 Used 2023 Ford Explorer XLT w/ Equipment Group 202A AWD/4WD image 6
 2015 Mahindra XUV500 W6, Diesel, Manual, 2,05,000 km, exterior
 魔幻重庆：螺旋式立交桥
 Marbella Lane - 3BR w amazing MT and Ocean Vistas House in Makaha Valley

==

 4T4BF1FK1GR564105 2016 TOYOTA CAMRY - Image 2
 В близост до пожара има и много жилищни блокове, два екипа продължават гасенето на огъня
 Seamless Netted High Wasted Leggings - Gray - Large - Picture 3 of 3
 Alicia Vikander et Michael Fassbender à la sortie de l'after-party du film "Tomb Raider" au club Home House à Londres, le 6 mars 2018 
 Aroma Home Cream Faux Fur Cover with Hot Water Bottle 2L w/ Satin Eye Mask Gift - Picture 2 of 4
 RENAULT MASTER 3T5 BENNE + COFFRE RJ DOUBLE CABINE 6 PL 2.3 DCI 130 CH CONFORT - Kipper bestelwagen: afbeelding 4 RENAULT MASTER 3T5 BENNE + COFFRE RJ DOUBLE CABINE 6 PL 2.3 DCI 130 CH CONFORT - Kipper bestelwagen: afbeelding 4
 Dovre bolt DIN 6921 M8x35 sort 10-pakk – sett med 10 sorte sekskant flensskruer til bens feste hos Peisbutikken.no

• _ASSIGNED TASK_
Return only the part of the records above that opens with the line containing "Aroma Home Cream" and closes with the line containing "afbeelding 4 RENAULT", ends included.

• _RESPONSE BELOW_
 Aroma Home Cream Faux Fur Cover with Hot Water Bottle 2L w/ Satin Eye Mask Gift - Picture 2 of 4
 RENAULT MASTER 3T5 BENNE + COFFRE RJ DOUBLE CABINE 6 PL 2.3 DCI 130 CH CONFORT - Kipper bestelwagen: afbeelding 4 RENAULT MASTER 3T5 BENNE + COFFRE RJ DOUBLE CABINE 6 PL 2.3 DCI 130 CH CONFORT - Kipper bestelwagen: afbeelding 4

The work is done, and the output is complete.